Personal information
- Full name: Edgard Amping
- Date of birth: 9 June 2003 (age 23)
- Place of birth: Mamuju, Indonesia
- Height: 1.70 m (5 ft 7 in)
- Position: Left-back

Team information
- Current team: Persiba Bantul
- Number: 74

Youth career
- 2012–2017: SSB Mitra Manakarra
- 2017–2019: PSM Makassar
- 2019–2021: Garuda Select

Senior career*
- Years: Team / Apps / (Gls)
- 2021–2025: PSM Makassar / 2 / (0)
- 2021: → Muba Babel United (loan) / 6 / (1)
- 2024–2025: → PSIM Yogyakarta (loan) / 2 / (0)
- 2025–: Persiba Bantul / 9 / (0)

International career^{‡}
- 2022: Indonesia U20 / 6 / (0)

= Edgard Amping =

Indonesian association footballer

Edgard Amping (born 9 June 2003) is an Indonesian professional footballer who plays as a left-back for Liga Nusantara club Persiba Bantul.

==Club career==
===Early career===
Amping is a young player born in Mamuju, West Sulawesi, on June 9, 2003. He playing as a left back. Amping started his career at SSB Mitra Manakarra at the age of 11. Together with SSB Mitra Manakarra, he appeared in the 2016 Danone Nations Cup national round in Jakarta.

===PSM Makassar===
He was recruited by PSM Makassar U16 in early January 2018. At that time, he was 15 years old.
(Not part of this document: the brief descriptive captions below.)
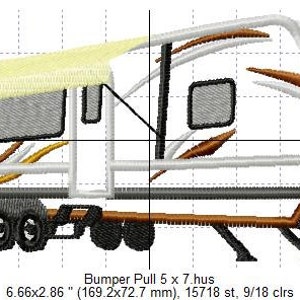 Pode incluir: Desenho bordado de uma caravana com um esquema de cores branco, castanho e cinzento. A caravana tem um toldo retrátil e uma janela grande. O desenho mede 6,66 polegadas por 2,86 polegadas e tem 15.718 pontos e 9 cores.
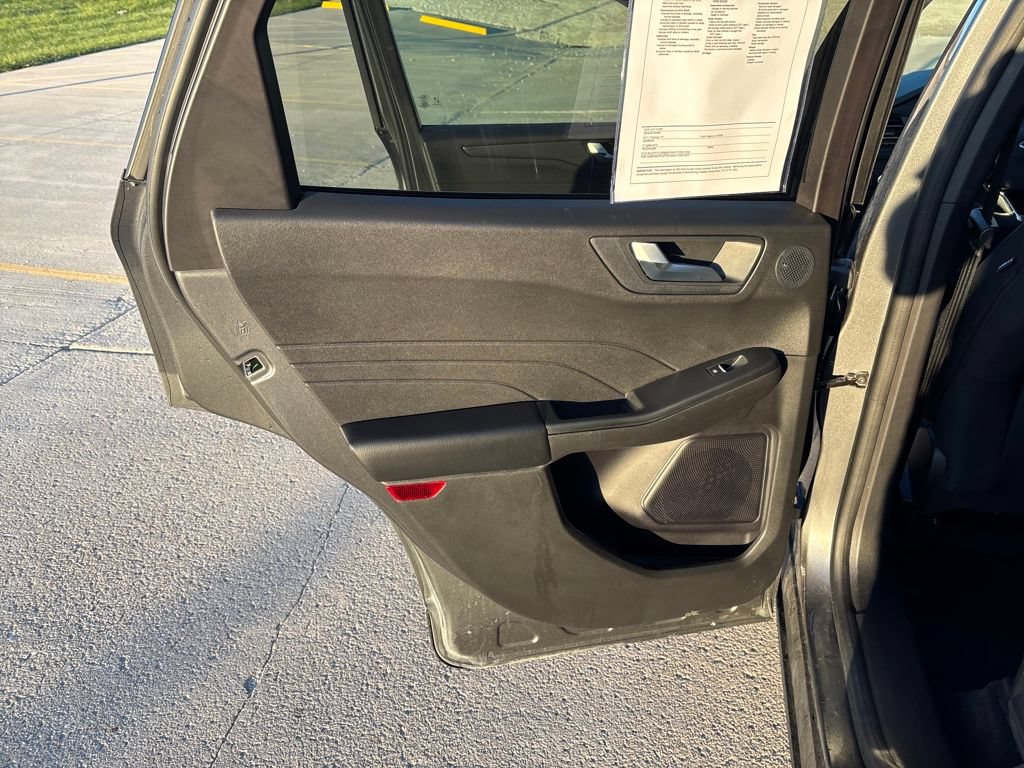 Used 2023 Ford Escape Active w/ Tech Pack #2 AWD/4WD image 27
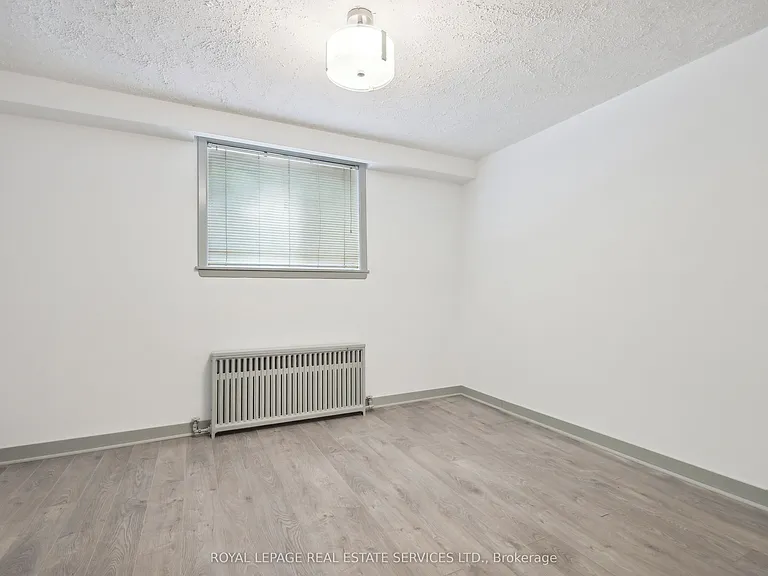 18 33rd St #5 — Photo 16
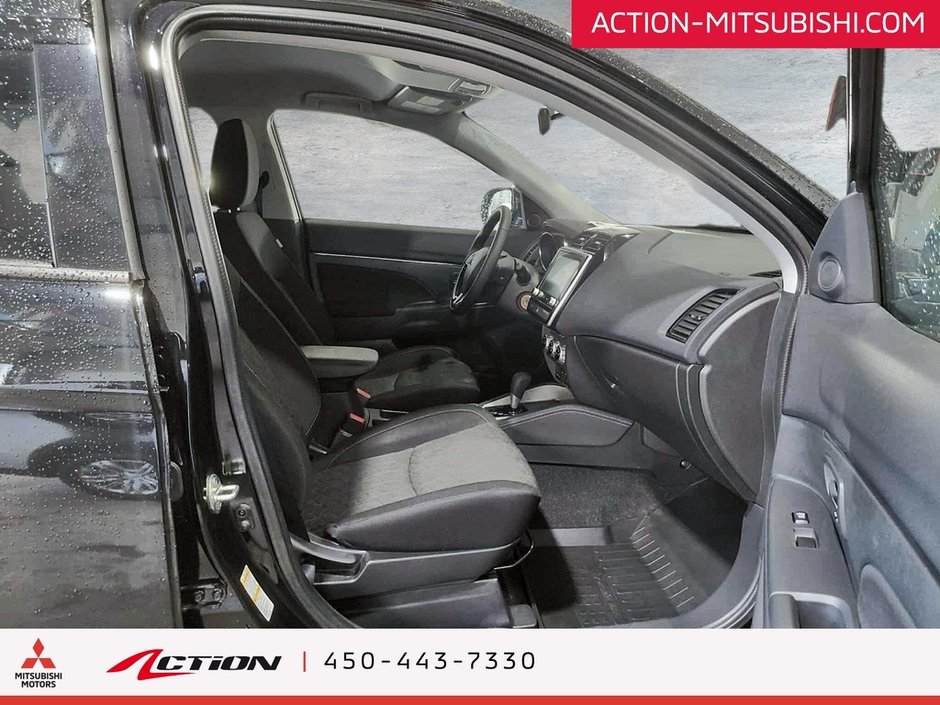 Mitsubishi RVR SE AWC Carplay Android Auto Sièges Chauffants Mags 2025-12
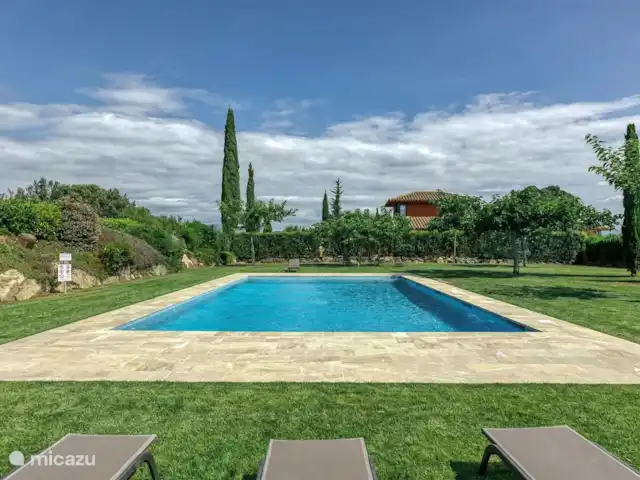 Location de Vacances Espagne, Costa Brava, Navata, villa - Villa Josi Torremirona Resort piscine commune, avec beau jardin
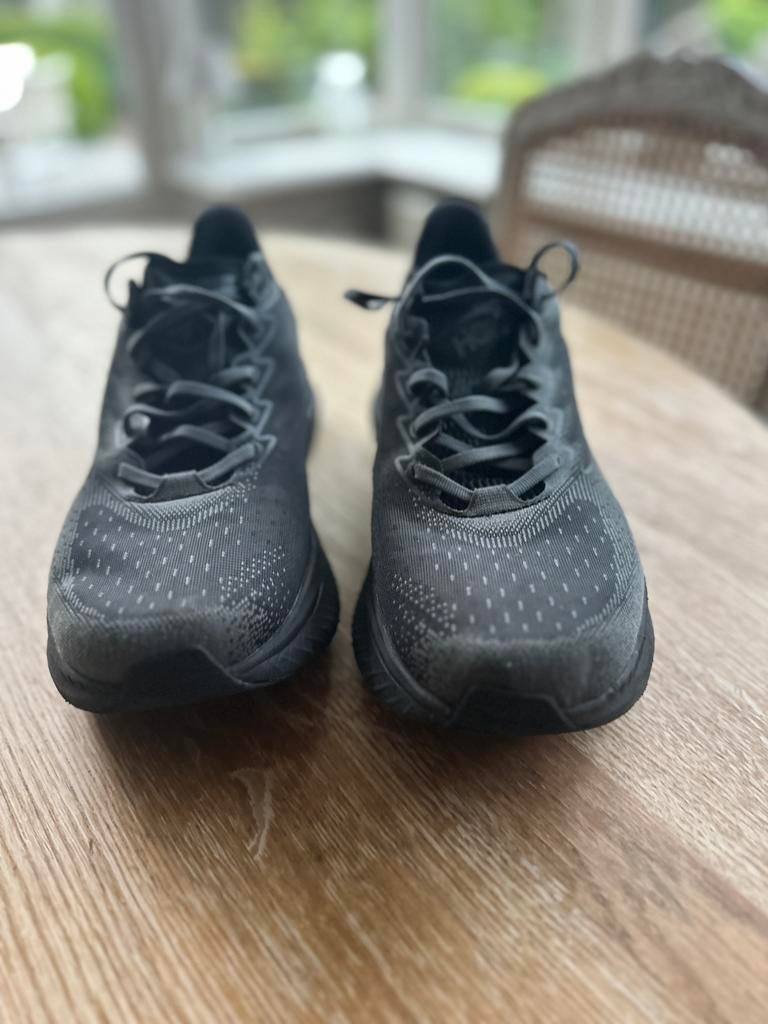 Hoka Mach6, Ophalen, Zo goed als nieuw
A year later, Amping was promoted to the PSM Makassar U18 team. Together with his squad, his performances continued to be honed and began to get the attention of many coaches. His potential continues to grow after successfully passing the second volume of the Garuda Select program selection in 2019. He received guidance from Des Walker and Dennis Wise. When participating in the second volume of the Garuda Select program, Amping was recorded as the player who played the highest number of matches and playing minutes. His performances during that time made Amping one of the three players who returned to training with the third edition of the Garuda Select program.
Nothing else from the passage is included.